Asked whether the vote could prove as divisive as the Brexit referendum has in the UK, the Catalan government source replies: “Democracy doesn’t divide; it’s the absence of democracy that divides people … We want people to vote – including the people who are going to vote no. If people have doubts, then 1 October is an opportunity for them to go to their polling station and put their vote in the ballot box.”

Alex Ramos, a doctor and the vice-president of Societat Civil Catalana, a group opposed to independence, is not persuaded by the regional government’s rhetoric. He also sees obvious parallels with the Brexit campaign.

“There’s a very clear analogy,” he says. “From our point of view, there’s a populist element in all this: you’ve got good people and bad people, you’ve got a victim mentality; and you’ve got a leader and his people.”

Ramos does not underestimate the desire that many Catalans have for independence, nor does he dispute the power of the Diada. But he does believe the Catalan government has taken advantage of old resentments and Spain’s economic crisis to stir up feelings of victimhood and further its own agenda.

How else, he asks, could support for independence have risen from around 15% in 2009 to 41% today?

“In that rise, there’s anger and economic crisis but there’s also propaganda,” he says.

Although Ramos is convinced the referendum will not take place, he knows both sides are “still going to go all out until the referee blows the whistle”. Whatever happens on, or after, 1 October, he adds, Catalonia’s body politic will need attention.

“We’re going to need to stitch up the wounds and build bridges and start talking more and talking better. We need to find a solution.”

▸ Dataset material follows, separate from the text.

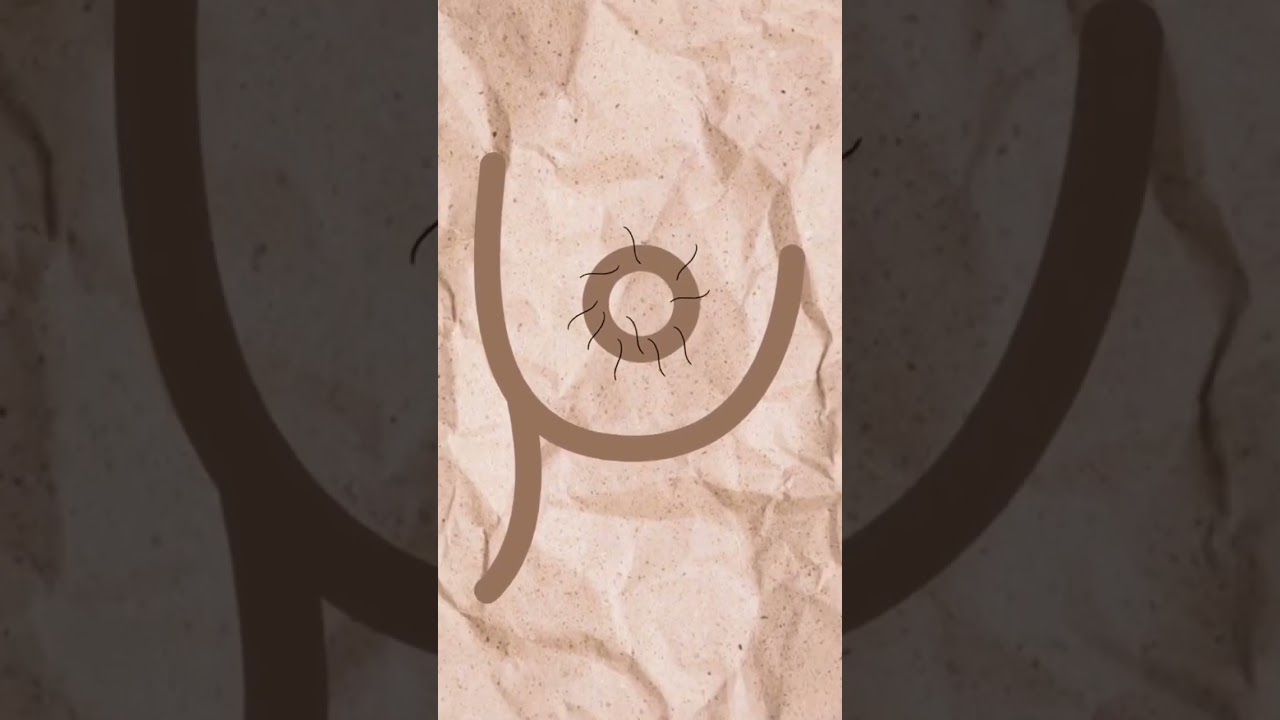 Por si es algo que las acompleja 👀 #doctor #medicina #medstudent #vello #mujeres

But between Puigdemont’s promise to declare independence from Spain within 48 hours if the yes camp wins and the Spanish government’s refusal to rule out suspending Catalonia’s autonomy, solutions seem as remote as ever.

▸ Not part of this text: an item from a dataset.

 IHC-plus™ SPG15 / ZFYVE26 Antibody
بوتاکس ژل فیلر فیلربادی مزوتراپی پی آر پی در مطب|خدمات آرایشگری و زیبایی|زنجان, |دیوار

Mingled with the clamour and the manoeuvring, the accusations and the threats, is a feeling of weariness and deja vu; a sense that the issue routinely billed as Spain’s biggest crisis since its return to democracy four decades ago will once again fail to yield a payoff that is sufficiently neat or quick.

Antonio Barroso, an analyst at the political risk advisory firm Teneo Intelligence, says while modern Spanish history has been undeniably turbulent, the Catalan questions differs from the other shocks and scourges that the country has suffered over recent decades.

“We had Eta bombing the country every other day in the 80s; we had massive corruption cases in the 90s involving the head of the Guardia Civil; we had one of the biggest terrorist attacks on European soil in 2004, and we had a huge economic crisis.

“Yes, this is one of the biggest challenges to the territorial model established in the Spanish constitution after the transition to democracy, but it’s a political issue at the end of the day.”